Помню, нашли дохлую, уже завонявшую лошадь. Жрать хотелось страшно, и мы с ее задней ляжки отрезали покрытого «зеленью» мяса, разожгли из какого-то мусора костер, поджарили его и съели. Ели его и по дороге.
В Гавриловке поселились в брошенном доме, который принадлежал уехавшему в эвакуацию председателю одного из колхозов — их в селе до прихода немцев было четыре. Обувку новую в то время взять было абсолютно негде, и работы у отца хватало. Починить чоботы — ведро кукурузы. Чем не жизнь.
Из Донецка мы со старшим братом привезли в село на тачке-тележке двух наших сестренок, одной годик был тогда, другой — четыре. Мама и другие шли с нами пешком. Так спаслись от голодной смерти.
Колхозы немцы не тронули, только вместо председателей назначили старост да названия сменили. В Гавриловке колхоз им. 10-летия Октября стал «хозяйством Родемахера». Кто такой этот Родемахер, никто не знал, да оно никому и не надо было. Колхоз «Заря коммунизма» назвали именем какого-то фашистского идеолога, а «Заря Советов» получил имя фельдмаршала Роммеля.

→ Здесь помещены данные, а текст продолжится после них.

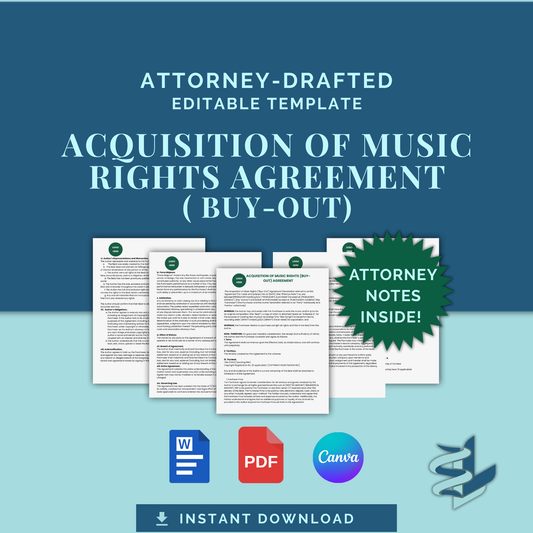 Acquisition of Music Rights (Buy-out) Agreement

Немец-комендант был один на два села, а работать людей денно и нощно заставляли старосты и полицейские. Практически все делалось вручную, только сеяли на быках и молотили кое-где оставшимися от колхозов молотилками. Урожай немцы вывезли подчистую, людям не оставили ничего. Селянам давали за работу зерноотходы и немного кукурузы. Спасались люди за счет огородов и, конечно, скотины. С коровы надо было сдать в сезон 1200–1300 литров молока, со двора — 300–400 кг мяса.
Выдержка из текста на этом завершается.